# What will Moebius bring to Chicago Hobby Expo?



## BatToys (Feb 4, 2002)

What will Moebius bring to the Chicago Hobby Expo this Thurday?

Any sneak previews of new model kits?


----------



## JeffG (May 10, 2004)

Iron Man (hint, hint)?


----------



## Dave Metzner (Jan 1, 1970)

Might be something new......You'll just have to wait and see


----------



## Roy Kirchoff (Jan 1, 1970)

Hey BatToys, are you going? Will you be taking pictures and posting them?

RK


----------



## BatToys (Feb 4, 2002)

If I have time I will attend.


----------



## Roy Kirchoff (Jan 1, 1970)

That would be great!

RK


----------



## Captain Han Solo (Apr 5, 2002)

*.....A change of clothes..Some snacks perhaps??*


----------



## Dave Metzner (Jan 1, 1970)

Note to self:
Pack change of clothes!


----------



## BatToys (Feb 4, 2002)

I'm hoping to see prototypes of:

Iron Man
The Wolfman
(IronWolf?
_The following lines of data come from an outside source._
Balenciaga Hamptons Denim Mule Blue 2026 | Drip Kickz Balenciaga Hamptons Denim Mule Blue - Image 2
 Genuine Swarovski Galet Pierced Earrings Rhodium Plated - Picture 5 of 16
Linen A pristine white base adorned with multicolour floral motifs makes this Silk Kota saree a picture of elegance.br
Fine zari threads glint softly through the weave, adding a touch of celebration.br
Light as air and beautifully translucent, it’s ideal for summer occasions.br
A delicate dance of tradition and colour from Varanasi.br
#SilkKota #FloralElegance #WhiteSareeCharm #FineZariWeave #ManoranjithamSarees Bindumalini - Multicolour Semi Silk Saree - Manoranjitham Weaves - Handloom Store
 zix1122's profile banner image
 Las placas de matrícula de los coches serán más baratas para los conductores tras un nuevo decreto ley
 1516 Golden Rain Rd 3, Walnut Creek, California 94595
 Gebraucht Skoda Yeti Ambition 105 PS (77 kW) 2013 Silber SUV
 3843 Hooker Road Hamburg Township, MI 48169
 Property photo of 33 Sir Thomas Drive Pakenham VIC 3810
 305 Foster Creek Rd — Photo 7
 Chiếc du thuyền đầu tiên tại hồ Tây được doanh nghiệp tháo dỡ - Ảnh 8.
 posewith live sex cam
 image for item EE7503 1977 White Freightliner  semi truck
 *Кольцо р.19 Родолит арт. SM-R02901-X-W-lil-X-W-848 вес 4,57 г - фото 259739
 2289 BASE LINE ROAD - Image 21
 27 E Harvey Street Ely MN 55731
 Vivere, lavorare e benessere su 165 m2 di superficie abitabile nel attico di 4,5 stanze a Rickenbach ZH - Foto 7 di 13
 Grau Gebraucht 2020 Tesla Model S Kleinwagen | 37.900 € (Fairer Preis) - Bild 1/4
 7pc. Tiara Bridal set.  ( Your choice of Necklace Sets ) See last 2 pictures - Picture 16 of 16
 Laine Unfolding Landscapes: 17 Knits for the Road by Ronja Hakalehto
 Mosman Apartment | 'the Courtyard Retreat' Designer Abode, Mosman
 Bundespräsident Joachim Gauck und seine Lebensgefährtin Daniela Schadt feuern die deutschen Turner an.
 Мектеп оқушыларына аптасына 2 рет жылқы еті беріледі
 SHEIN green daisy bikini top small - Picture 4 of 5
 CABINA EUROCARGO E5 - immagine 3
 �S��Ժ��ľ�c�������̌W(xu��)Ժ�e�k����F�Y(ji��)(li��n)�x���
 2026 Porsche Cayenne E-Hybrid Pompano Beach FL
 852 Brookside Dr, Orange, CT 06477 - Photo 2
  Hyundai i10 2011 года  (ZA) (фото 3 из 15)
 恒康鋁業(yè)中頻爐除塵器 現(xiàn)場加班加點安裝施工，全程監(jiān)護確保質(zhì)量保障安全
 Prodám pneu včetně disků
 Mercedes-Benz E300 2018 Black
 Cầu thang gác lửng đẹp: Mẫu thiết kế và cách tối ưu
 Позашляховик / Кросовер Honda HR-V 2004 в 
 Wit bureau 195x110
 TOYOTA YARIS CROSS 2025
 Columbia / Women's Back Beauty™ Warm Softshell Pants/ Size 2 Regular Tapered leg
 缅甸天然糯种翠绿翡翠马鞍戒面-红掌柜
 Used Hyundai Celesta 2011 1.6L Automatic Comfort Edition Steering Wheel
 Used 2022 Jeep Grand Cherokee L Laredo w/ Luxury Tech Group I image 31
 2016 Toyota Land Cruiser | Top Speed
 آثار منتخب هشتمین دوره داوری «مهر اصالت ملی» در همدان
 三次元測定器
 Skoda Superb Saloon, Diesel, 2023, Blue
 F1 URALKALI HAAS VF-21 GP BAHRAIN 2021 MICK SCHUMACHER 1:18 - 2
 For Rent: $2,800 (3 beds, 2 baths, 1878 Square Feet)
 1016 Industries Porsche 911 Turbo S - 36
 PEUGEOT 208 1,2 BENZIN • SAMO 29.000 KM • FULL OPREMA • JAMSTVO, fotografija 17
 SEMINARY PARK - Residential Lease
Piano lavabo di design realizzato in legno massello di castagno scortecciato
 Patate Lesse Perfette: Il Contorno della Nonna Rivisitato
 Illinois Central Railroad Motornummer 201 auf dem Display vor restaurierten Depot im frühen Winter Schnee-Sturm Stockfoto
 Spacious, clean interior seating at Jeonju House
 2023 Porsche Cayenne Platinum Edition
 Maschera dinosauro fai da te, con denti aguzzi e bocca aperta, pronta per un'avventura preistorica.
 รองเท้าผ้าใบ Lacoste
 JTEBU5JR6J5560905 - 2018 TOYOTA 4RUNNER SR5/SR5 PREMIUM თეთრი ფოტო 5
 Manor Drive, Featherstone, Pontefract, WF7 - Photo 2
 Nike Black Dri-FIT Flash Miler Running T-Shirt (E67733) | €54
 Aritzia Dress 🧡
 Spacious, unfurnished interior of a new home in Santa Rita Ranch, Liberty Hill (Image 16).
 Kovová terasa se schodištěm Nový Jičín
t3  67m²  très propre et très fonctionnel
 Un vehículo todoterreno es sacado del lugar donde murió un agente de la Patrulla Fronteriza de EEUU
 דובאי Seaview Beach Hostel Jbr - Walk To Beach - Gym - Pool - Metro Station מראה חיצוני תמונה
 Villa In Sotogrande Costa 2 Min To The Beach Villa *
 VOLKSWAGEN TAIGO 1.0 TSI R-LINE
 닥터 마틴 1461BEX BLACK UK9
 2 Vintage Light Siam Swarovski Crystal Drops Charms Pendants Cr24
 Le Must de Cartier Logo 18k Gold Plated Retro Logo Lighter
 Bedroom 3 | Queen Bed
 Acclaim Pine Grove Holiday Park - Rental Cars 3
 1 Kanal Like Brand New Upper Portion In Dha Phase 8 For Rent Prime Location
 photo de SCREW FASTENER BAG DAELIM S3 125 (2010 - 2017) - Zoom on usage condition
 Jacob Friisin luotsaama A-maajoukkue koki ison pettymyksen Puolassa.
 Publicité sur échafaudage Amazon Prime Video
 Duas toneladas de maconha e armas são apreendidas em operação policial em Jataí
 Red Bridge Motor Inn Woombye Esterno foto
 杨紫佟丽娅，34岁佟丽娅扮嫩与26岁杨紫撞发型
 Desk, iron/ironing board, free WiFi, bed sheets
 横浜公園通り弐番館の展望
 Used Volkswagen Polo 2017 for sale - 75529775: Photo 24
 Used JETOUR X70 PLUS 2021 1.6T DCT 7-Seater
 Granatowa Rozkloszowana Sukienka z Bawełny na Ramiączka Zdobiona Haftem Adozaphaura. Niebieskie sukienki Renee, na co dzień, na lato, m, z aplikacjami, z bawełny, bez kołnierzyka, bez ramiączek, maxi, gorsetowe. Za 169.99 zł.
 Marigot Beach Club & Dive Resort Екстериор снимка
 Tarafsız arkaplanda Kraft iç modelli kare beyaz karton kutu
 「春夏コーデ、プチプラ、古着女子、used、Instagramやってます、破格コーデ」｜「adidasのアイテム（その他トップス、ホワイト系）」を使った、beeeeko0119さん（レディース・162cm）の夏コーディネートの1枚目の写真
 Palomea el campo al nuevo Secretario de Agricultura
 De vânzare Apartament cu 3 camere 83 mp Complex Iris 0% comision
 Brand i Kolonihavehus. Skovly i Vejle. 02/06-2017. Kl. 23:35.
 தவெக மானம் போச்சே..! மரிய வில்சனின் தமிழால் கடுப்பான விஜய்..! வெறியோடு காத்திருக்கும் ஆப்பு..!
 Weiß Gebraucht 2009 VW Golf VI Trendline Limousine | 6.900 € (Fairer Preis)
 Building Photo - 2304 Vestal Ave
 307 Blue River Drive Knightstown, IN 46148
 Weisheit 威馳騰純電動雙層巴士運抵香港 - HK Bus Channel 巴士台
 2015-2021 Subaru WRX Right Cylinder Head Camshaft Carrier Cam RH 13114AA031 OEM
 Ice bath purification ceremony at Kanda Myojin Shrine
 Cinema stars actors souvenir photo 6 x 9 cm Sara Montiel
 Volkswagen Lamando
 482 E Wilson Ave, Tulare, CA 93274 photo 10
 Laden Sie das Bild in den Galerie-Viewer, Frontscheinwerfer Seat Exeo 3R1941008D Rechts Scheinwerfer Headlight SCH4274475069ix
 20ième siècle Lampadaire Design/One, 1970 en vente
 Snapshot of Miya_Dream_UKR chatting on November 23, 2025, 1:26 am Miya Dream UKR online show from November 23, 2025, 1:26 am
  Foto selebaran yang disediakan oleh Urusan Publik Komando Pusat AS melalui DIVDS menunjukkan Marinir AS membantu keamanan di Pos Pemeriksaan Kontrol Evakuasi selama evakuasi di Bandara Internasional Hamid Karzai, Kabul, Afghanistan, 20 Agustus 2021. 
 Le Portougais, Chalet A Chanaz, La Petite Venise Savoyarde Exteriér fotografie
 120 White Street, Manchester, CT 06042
Has a nice ring to it.)
Glow Gigantic Frankenstein

What else could be on the list?


----------



## Seaview (Feb 18, 2004)

:thumbsup: Something camel-yellow & silver with blue pinstripes comes to mind. :woohoo:


----------



## otto (Jan 1, 1970)

Seaview said:


> :thumbsup: Something camel-yellow & silver with blue pinstripes comes to mind. :woohoo:


 hmmm, perhaps a wedge of ripe Stilton? mmmmmm


----------



## beck (Oct 22, 2003)

Seaview , they made a model of me in my prom suit ???? 
hb


----------



## SUNGOD (Jan 20, 2006)

I hope to see the Hulk plus others.


----------



## otto (Jan 1, 1970)

Make sure you guys take some pics to keep us updated! I've got a chunk of Stilton, but I'm curious about the rest of the goodies!


----------



## mrmurph (Nov 21, 2007)

I agree with Otto and am looking forward to pics. Could something previously unannounced by in the works? Will we see prototypes of promised future releases?
Don't cha just love surprises?


----------



## mcdougall (Oct 28, 2007)

I wish I could be there..sounds like a blast and possibly a few surprises :thumbsup: PLEASE someone post Pictures for us unfortunate souls always sitting in the sidelines
Mc(sob)dee


----------



## Duck Fink (May 2, 2005)

BatToys said:


> If I have time I will attend.


I nearly passed out when I saw last years pics. I can't wait to hear and see what Moebius has in the pipeline!


----------